Haeberlen, A., Kuznetsov, P., & Druschel, P. (2007). PeerReview: practical accountability for distributed systems. In SOSP’07: proceedings of the 21st ACM Symposium on (pp. 175-188). New York, NY: ACM.


Zitierlink: https://hdl.handle.net/11858/00-001M-0000-0028-8C76-8
Zusammenfassung
We describe PeerReview, a system that provides accountability in distributed systems. PeerReview ensures that Byzantine faults whose effects are observed by a correct node are eventually detected and irrefutably linked to a faulty node. At the same time, PeerReview ensures that a correct node can always defend itself against false accusations. These guarantees are particularly important for systems that span multiple administrative domains, which may not trust each other. PeerReview works by maintaining a secure record of the messages sent and received by each node.
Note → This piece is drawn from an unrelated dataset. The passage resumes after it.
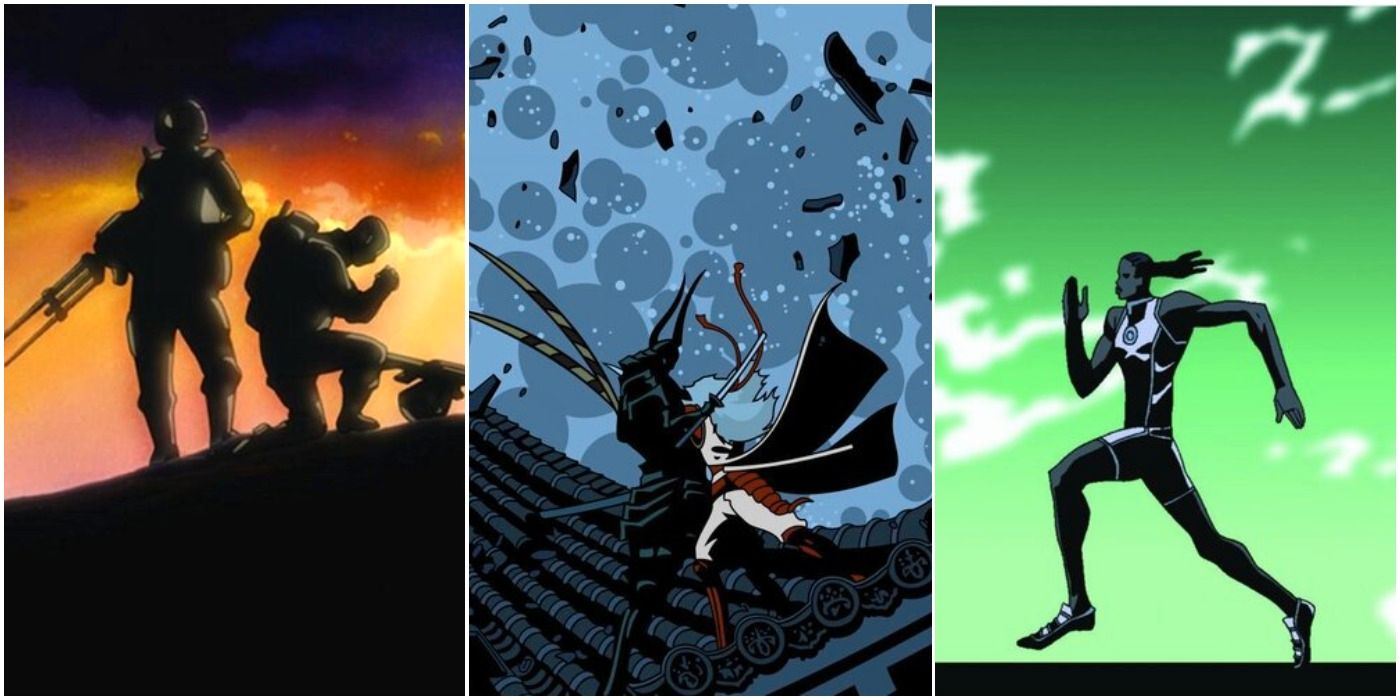 The Animatrix: Los 9 segmentos, clasificados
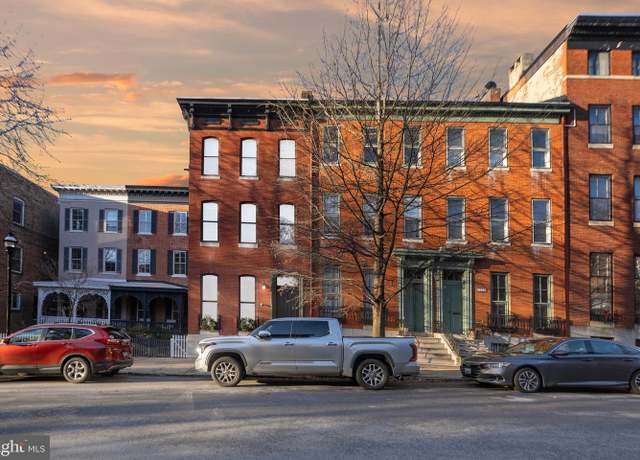 Property at 1208 Bolton St, Baltimore, MD 21217, 5 beds, 5 baths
The record is used to automatically detect when a node's behavior deviates from that of a given reference implementation, thus exposing faulty nodes. PeerReview is widely applicable: it only requires that a correct node's actions are deterministic, that nodes can sign messages, and that each node is periodically checked by a correct node. We demonstrate that PeerReview is practical by applying it to three different types of distributed systems: a network filesystem, a peer-to-peer system, and an overlay multicast system.